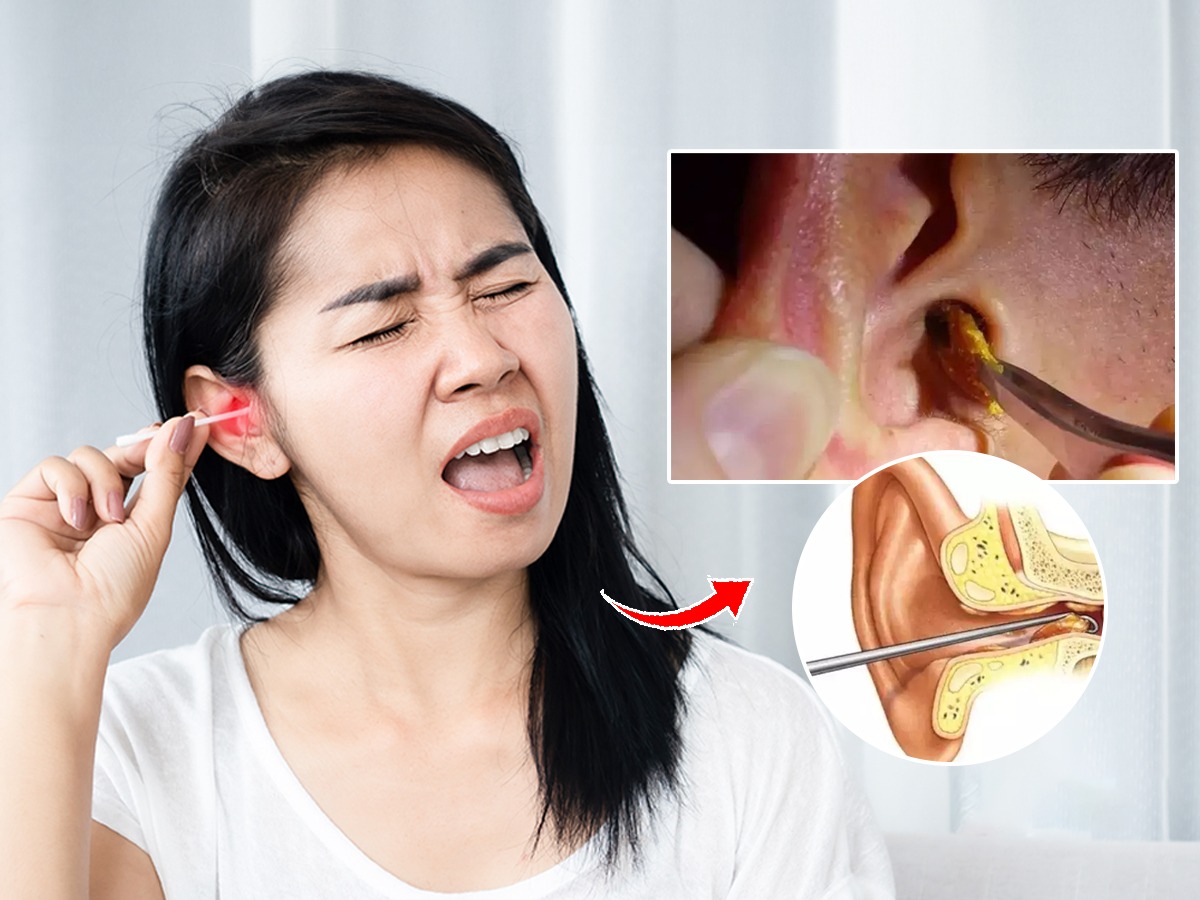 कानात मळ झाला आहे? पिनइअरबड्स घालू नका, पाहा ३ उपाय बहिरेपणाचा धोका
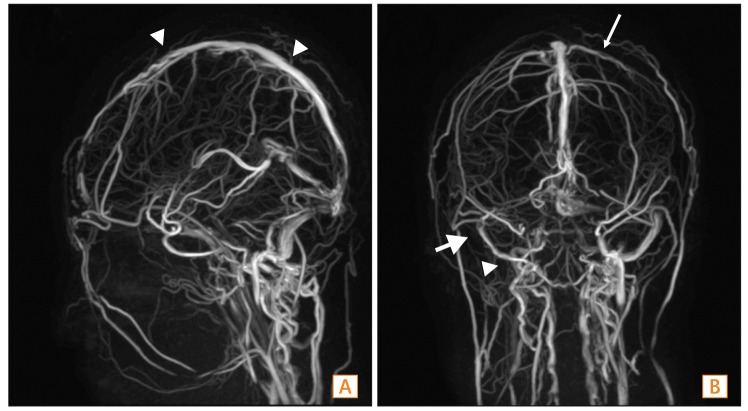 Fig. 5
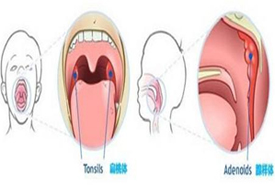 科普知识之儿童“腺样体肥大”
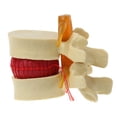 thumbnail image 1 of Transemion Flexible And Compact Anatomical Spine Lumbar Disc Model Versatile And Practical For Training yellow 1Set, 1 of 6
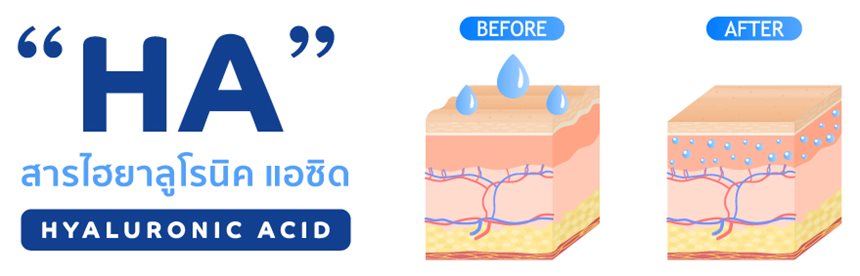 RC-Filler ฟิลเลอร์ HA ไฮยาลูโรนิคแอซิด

Brief:
Where an entry includes an image, skip the image and return everything else exactly.

Result for this exercise:
 कानात मळ झाला आहे? पिनइअरबड्स घालू नका, पाहा ३ उपाय बहिरेपणाचा धोका
 Fig. 5
 科普知识之儿童“腺样体肥大”
 thumbnail image 1 of Transemion Flexible And Compact Anatomical Spine Lumbar Disc Model Versatile And Practical For Training yellow 1Set, 1 of 6
 RC-Filler ฟิลเลอร์ HA ไฮยาลูโรนิคแอซิด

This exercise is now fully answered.